A dotted attribute name should work, although maybe it'll be worth thinking about having another way. (i.e. maybe the dotted name is exposing an implementation detail of annotations).

* What of attribute redirection remains at the domain-model level? The dashboard spec calls for editing of attribute-redirected columns like Who and Date - how is this implemented in a world where duck-typing no longer works for stamped attributes?

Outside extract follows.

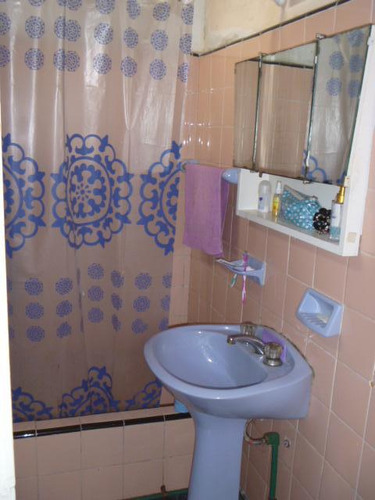 Venta Casa En Lanús Este Lote 8.66 X 48 Mts Ideal Inversor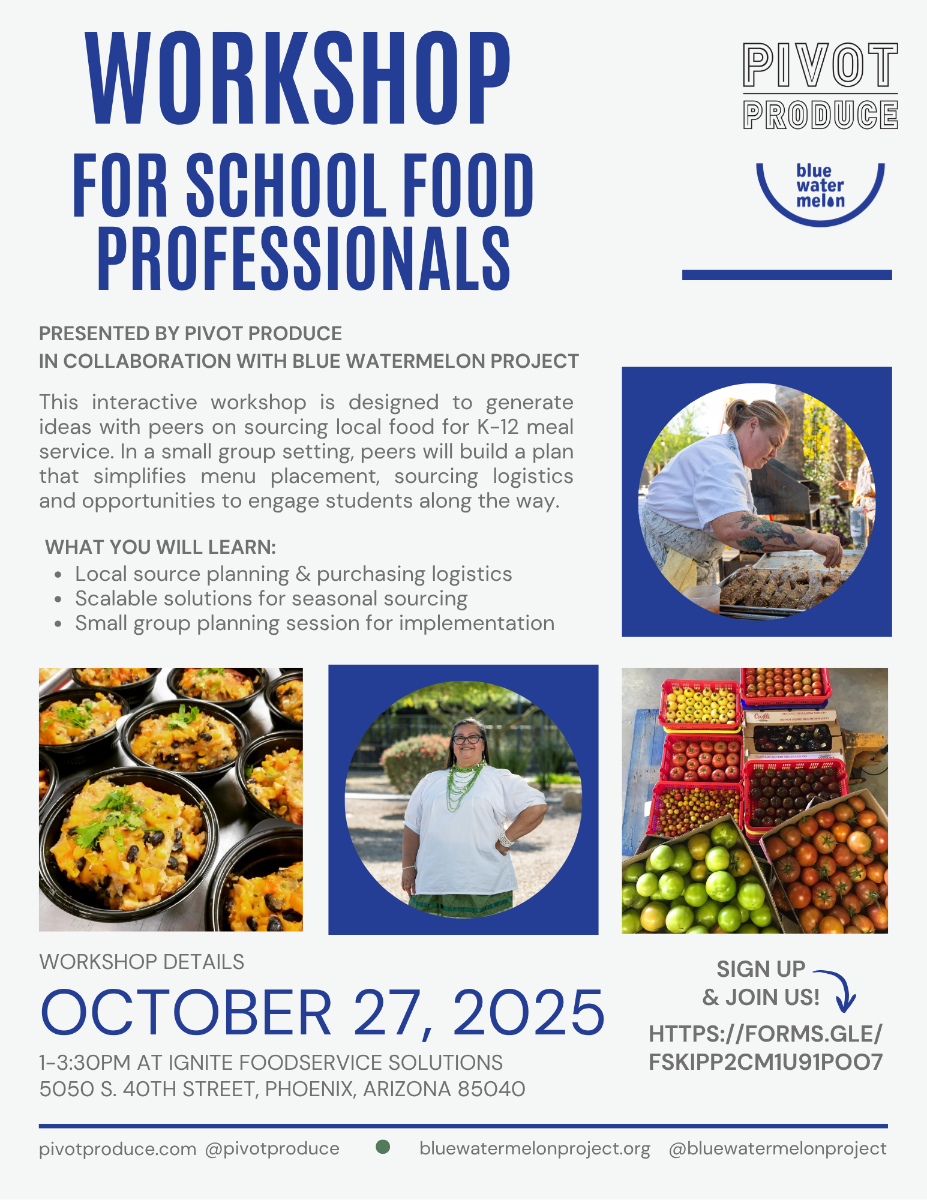 School%20Food%20Workshop%20(3).png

I believe we're moving away from redirected (and duck-typed) attributes, i.e. fixing which attributes are displayed in which views (à la <http://lists.osafoundation.org/pipermail/chandler-dev/2006- March/005388.html>, and related). However, this raises a different question, which is that if, as suggested in that thread, we move to using onValueChanged() to update various UI-related attributes (e.g., "DashboardWho"), and we have stamping as annotations, then some onValueChanged() implementation needs to iterate over stamp classes.

* Does column sorting always imply another repository index on each user-visible collection? It seems like either the comparison function needs to take into account all the possible conditions that affect sorting (so the function for the communications column needs to consider whether the item is stamped as communications, and if it is, read/unreadness, draft-ness, inbound/outbound-edited/ outbound-queued/outbound-sent, whether it needs a reply, whether it's first-time or updated, error state, and triage status; the Date column depends on tickler time and condition, start & end datetime if stamped as event, date last modified, date sent if stamped as comm, and date created), and the index needs to be updated (and collection notifications need to fire) if any of these underlying conditions change. (Having date-last-modified in this list means there are going to be a lot of potential index updates happening!)

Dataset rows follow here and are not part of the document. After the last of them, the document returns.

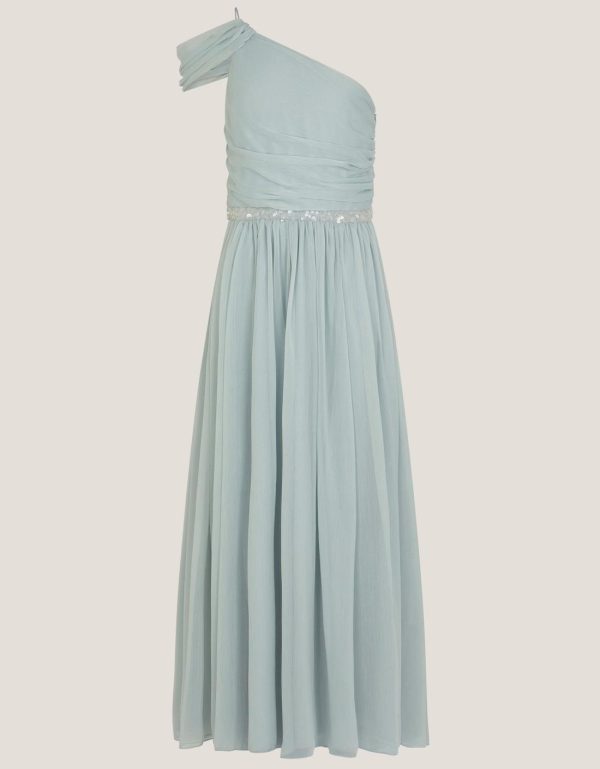 Steadydose.shop3a9e96f718 2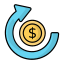 ROI Icon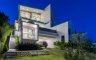 4 Bedroom Villa for sale in Ko Samui, Surat Thani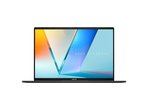 ASUS Vivobook S16 S3607VA-RP138W/Intel Core 5 210H İşlemci/16 GB RAM/1 TB SSD/16"/W11 Laptop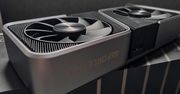 Kupiłbym tę grafikę. Test i recenzja Nvidia GeForce RTX 3070 FE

As I understand it, sorted tables require an index (or would be cripplingly slow for large collections). But, cases like this (and some of the subsequent) lead me to think we maybe need the ability to index (and update) computed attributes (the repo version of Python properties). Something else to think about is that maybe we could leverage subindexes in some way: i.e. have a master index for all table-sortable properties of all items, and have the different table views use subindexes. That said, I know little enough about subindexes that I don't know if they will be a magic bullet here.

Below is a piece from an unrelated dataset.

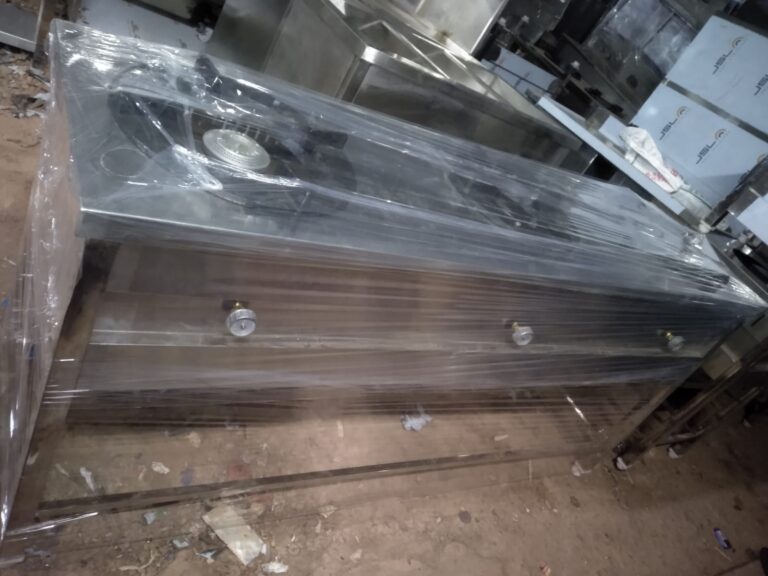 WhatsApp Image 2025-10-09 at 7.08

* The Dashboard spec says the triage column is sorted Now, Later, Done, and within Done by the date that the Done status was set. (This implies a triageValueChangedDate attribute - is there a way to get the repository to enforce updating this value when the triage attribute is changed -- I'm guessing we'll need some similar repository-level mechanism to set and update the date-created and date-last-modified attributes.

I don't know of an 'update attribute x when any of y, z, ... has changed' mechanism, other than hand-coding an onValueChanged() in the Python class. (I guess monitors could do this, but certainly having a monitor per ContentItem is overkill).

* Further, the triage-status column isn't supposed to have user changes take effect until the user hits a Purge button; this seems to imply that we'll need a separate attribute to store the pending triage state, and copy it to the real triage attribute when the user hits the button. Are there issues around conflicts that we need to deal with here? (What happens if triage status changes automatically between the user's edit and the user's Purging?)

Hmm.... I hadn't seen the Purging feature: That looks pretty tricky in our current auto-reindex-columns paradigm.

In the event-updates realm, I'm not sure how to address how to address a couple of requirements: * When the user edits a received emailevent, the Send button is supposed to be enabled. At what level should this happen? (It seems bad to require that anything that changes an item attribute also consider whether that change constitutes a sendable update, but I'm not sure we'd implement it at the repository level, either, given that selecting an item in the UI currently changes it.)

The information as to what attributes contribute toward sendability should live at the domain model layer, but it doesn't seem right to be tracking changes in sendability for all items. Could the UI (detail view) attach a monitor if it's a communication item?

* The stamping spec implies that the user-visible To/From/CC fields aren't necessarily the To/From/CC fields in the RFC822 message (though it seems to imply that the Sender attribute is the From on the email)... How are these fields managed for items that could be coming & going at the same time?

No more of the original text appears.